### Exercise brief
Leaving out the images, repeat all the lines below exactly.

(Records excerpted from a collection)
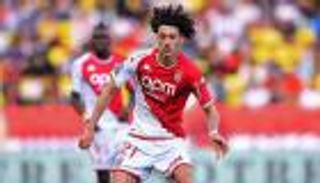 الدوري الفرنسي.. ماذا قال مدرب موناكو عن مغناس أكليوش؟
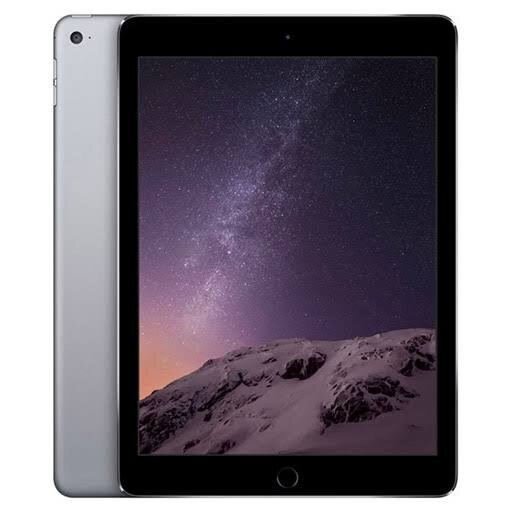 Apple iPad Air 2 Price in Nigeria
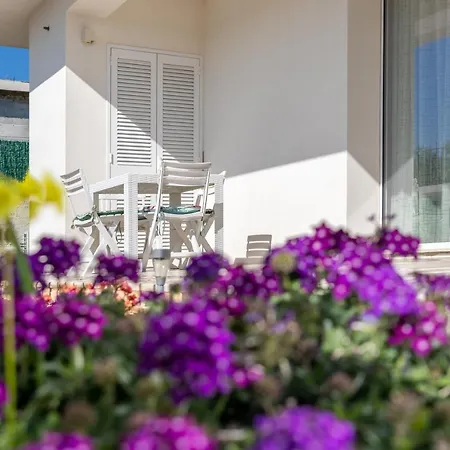 Casa Sole E Mare * Pozzallo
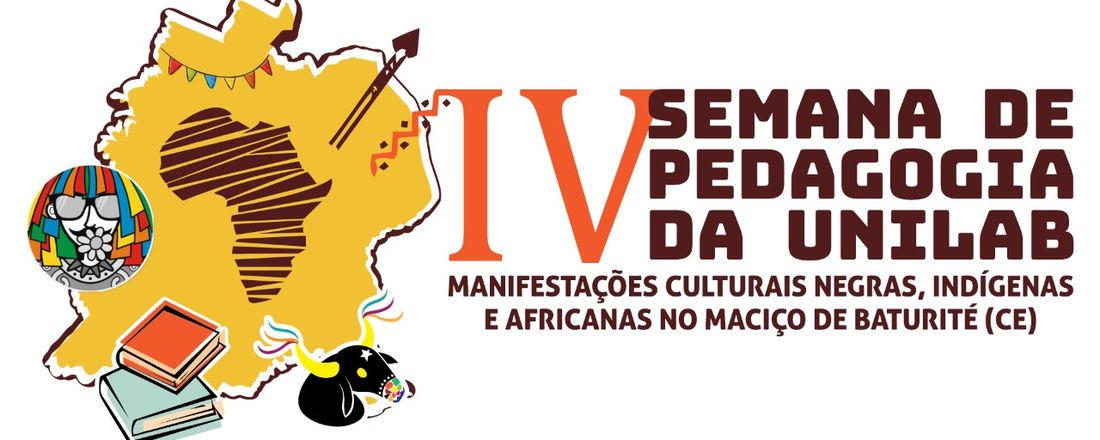 IV SEMANA DE PEDAGOGIA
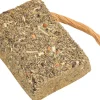 Dehner Lieblinge Lehm-Mineralstein Kräuter, 100 g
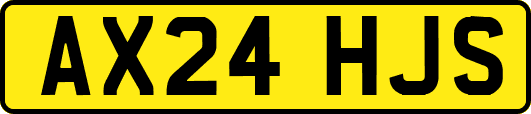AX24HJS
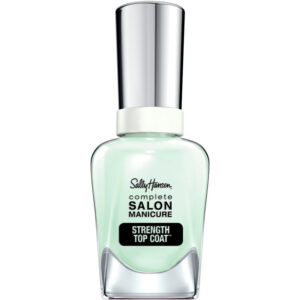 Sally Hansen Complete Salon Manicure Strength & Protect Topcoat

### Answer section
 الدوري الفرنسي.. ماذا قال مدرب موناكو عن مغناس أكليوش؟
 Apple iPad Air 2 Price in Nigeria
 Casa Sole E Mare * Pozzallo
 IV SEMANA DE PEDAGOGIA
 Dehner Lieblinge Lehm-Mineralstein Kräuter, 100 g
AX24HJS
 Sally Hansen Complete Salon Manicure Strength & Protect Topcoat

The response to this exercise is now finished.